Fiz as contas e, em média, um recém-nascido pesará 12 libras e, se aceitavelmente tratado, durante um ano solar aumentará para 28 libras.

Concedo que esta comida venha a ser de certo modo cara e, portanto, estará muito adequada aos senhorios – e dado que estes já devoraram a maior parte dos pais, poderão ter direito de preferência sobre os filhos.

A carne dos bebés estará dentro do prazo o ano todo, mas será mais abundante um pouco antes, e depois, de Março. Pois foi-nos dito por um autor sério, um eminente médico francês que, sendo o peixe uma dieta prolífica, nos países católicos romanos há mais crianças nascidas cerca de nove meses depois da Quaresma do que em qualquer outro período. Assim sendo, calculo que um ano
depois da Quaresma os mercados estejam mais abastecidos do que o normal, pois o número de crianças neste reino é de, pelo menos, três papistas para uma protestante – o que oferecerá ainda a vantagem colateral de reduzir o número de papistas entre nós.

Também já calculei as despesas para alimentar cada filho dos pedintes (em cuja lista incluo todos os que vivem em barracas, trabalhadores rurais, e quatro-quintos dos lavradores) que será de cerca de dois xelins per annum, trapos incluídos. E creio que não incomodará nenhum cavalheiro pagar dez xelins por uma boa carcaça de criança gorda, a qual, como já disse, dará quatro pratos de carne, excelente e nutritiva, quando tiver apenas um amigo particular ou a sua própria família a jantar consigo. Assim o proprietário rural aprenderá a ser um bom senhorio, aumentando a sua popularidade entre os seus rendeiros; a mãe terá uns oito xelins de lucro líquido e estará apta a trabalhar até produzir outra criança.

Os que são mais frugais (como devo confessar que o exigem os tempos) podem esfolar a carcaça, cuja pele, artificialmente tratada, dará luvas admiráveis para as senhoras, e botas de Verão para os cavalheiros elegantes.

Quanto à nossa cidade de Dublim, podem destinar-se a este propósito as secções mais convenientes, e os talhantes podem ficar descansados que não terão falta de clientela.
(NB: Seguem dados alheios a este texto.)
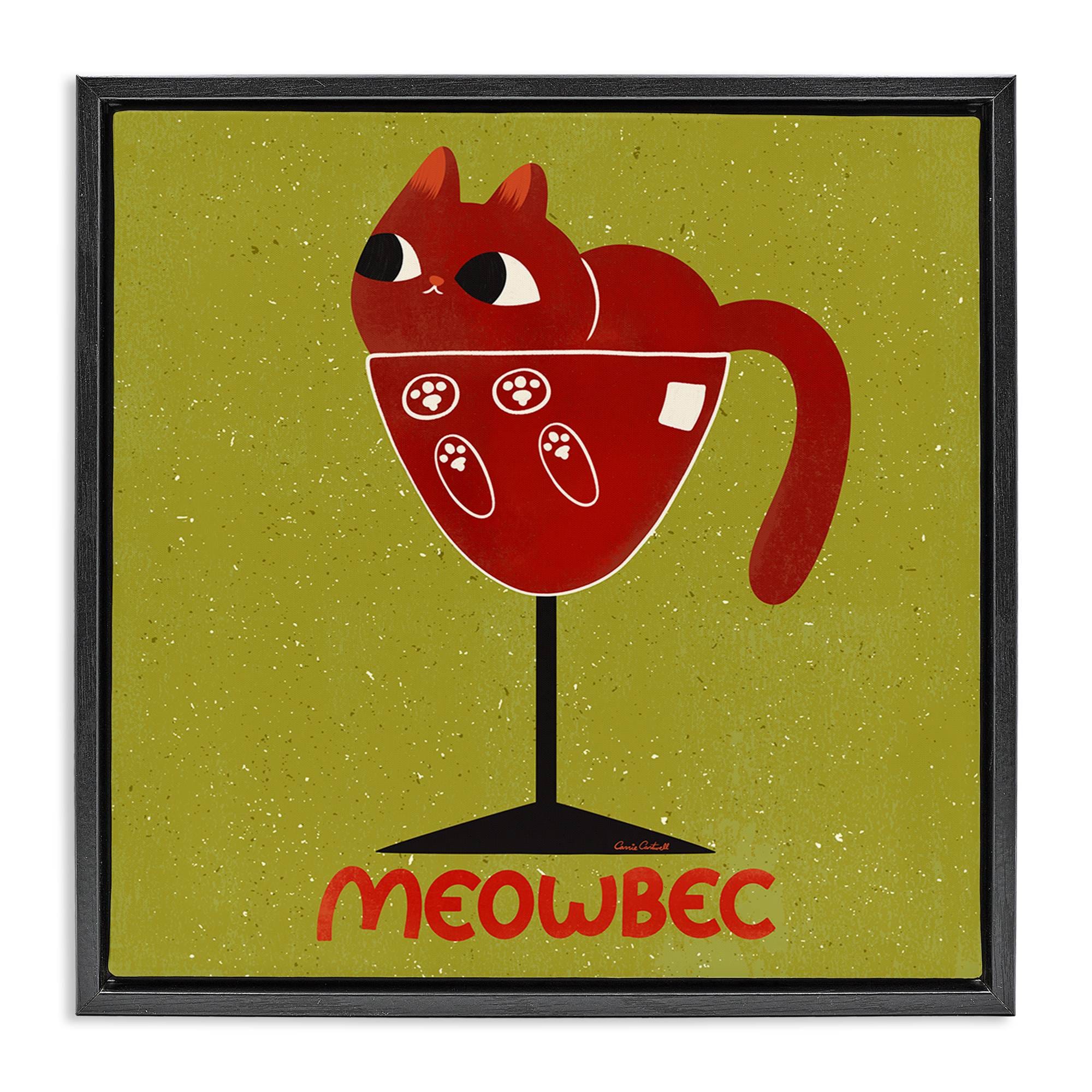 Stupell Industries BS-852-FFB-24X24 Meowbec Cat Wine Black Framed Floater Canvas Wall Art By Carrie Cantwell 25 x 25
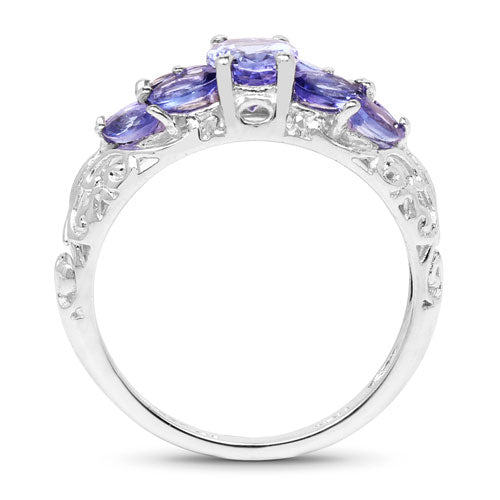 1.63 Carat Genuine Tanzanite Sterling Silver Engagement Ring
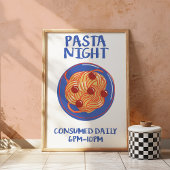 Pasta Night Retro Kitchen Funny Food Wall Poster  ポスター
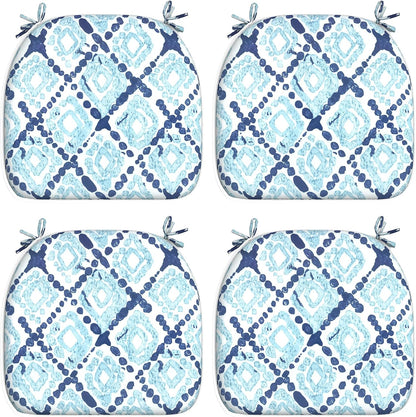Outdoor Chair Cushions Set of 4, Patio Seat Cushions D16Xw17 with Ties, Water Repellent Chair Pads for Patio Furniture Garden Use, Boho Geometry Blue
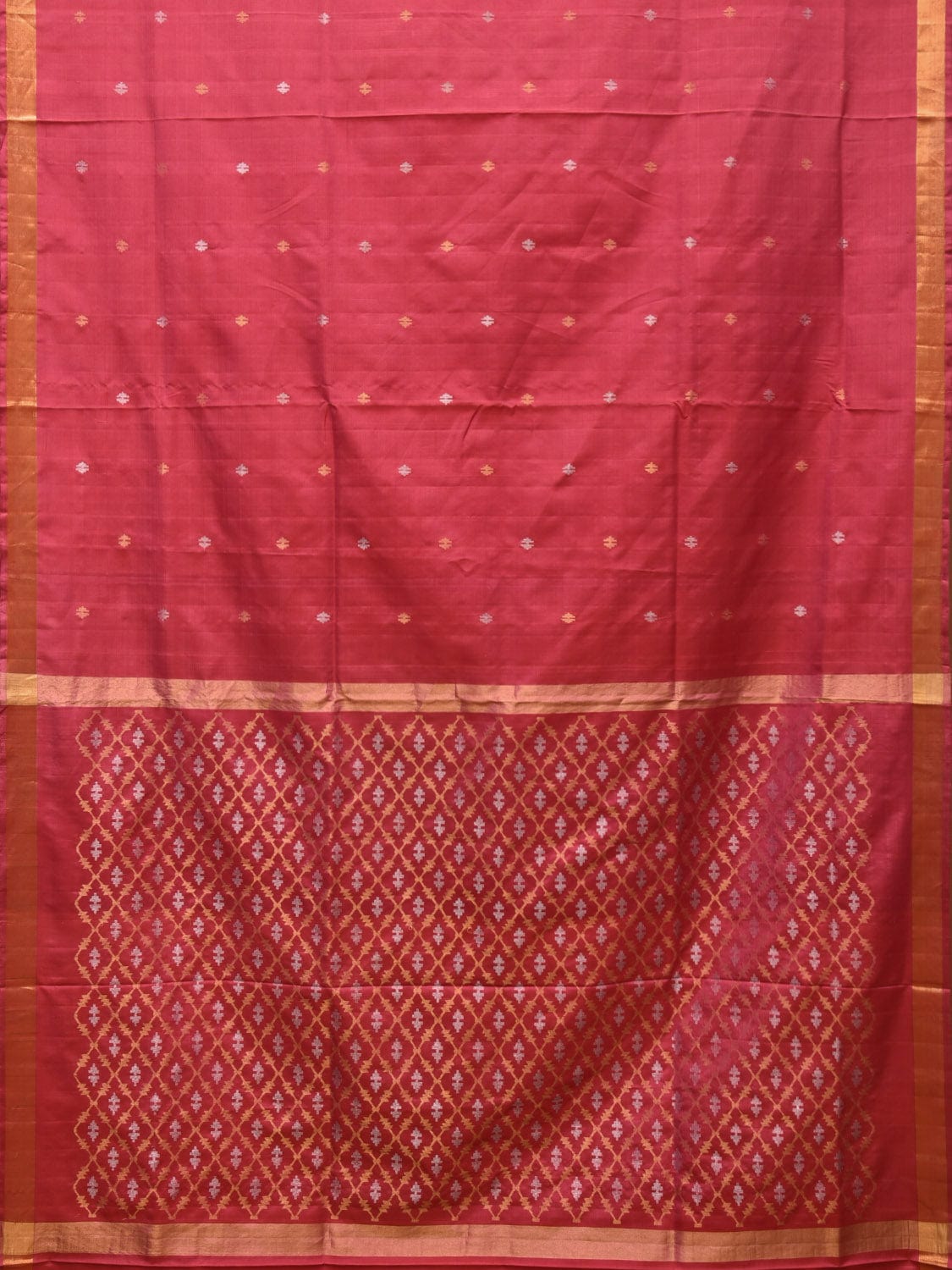 Burgundy Uppada Silk Handloom Saree with Jamdani Pallu Design - Global Threads - Distacart
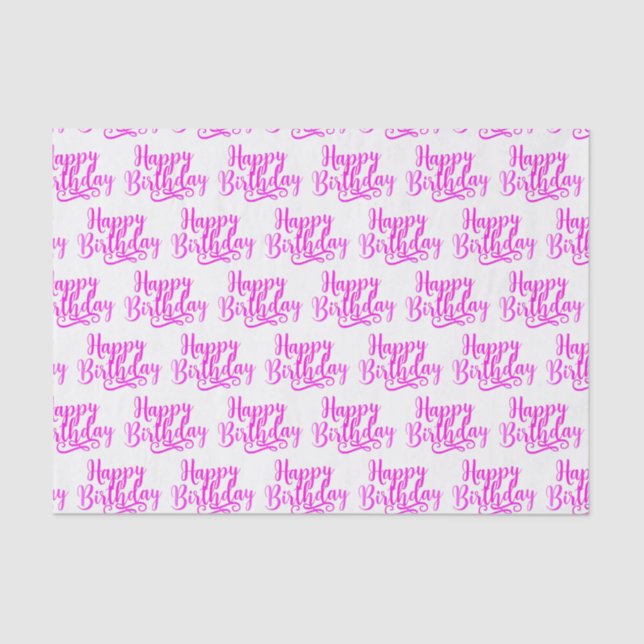Hot Pink HAPPY BIRTHDAY Custom Party Tissue Paper (Front)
Embora eu antes recomende que se comprem as crianças vivas, e sejam temperadas ainda quentes da faca, como o fazemos com os porcos.

Uma pessoa de muito mérito, um verdadeiro amante deste país cujas virtudes grandemente estimo, andava ultimamente muito agradado a discursar sobre este assunto, preocupado em acrescentar um refinamento ao meu esquema.

Disse-me que, ultimamente, muitos cavalheiros do seu reino andavam preocupados com a destruição dos seus veados, pelo que concebeu que a falta de proteínas poderia vir a ser suprida pelos corpos de jovens rapazes e raparigas, não excedendo os catorze anos de idade e nunca abaixo dos doze. Havendo um grande número destes, de ambos os sexos, em todos os países, actualmente prestes a morrer de fome por falta de trabalho e serviços, poderiam ser dispensados pelos respectivos pais, se vivos, ou pelos parentes mais próximos.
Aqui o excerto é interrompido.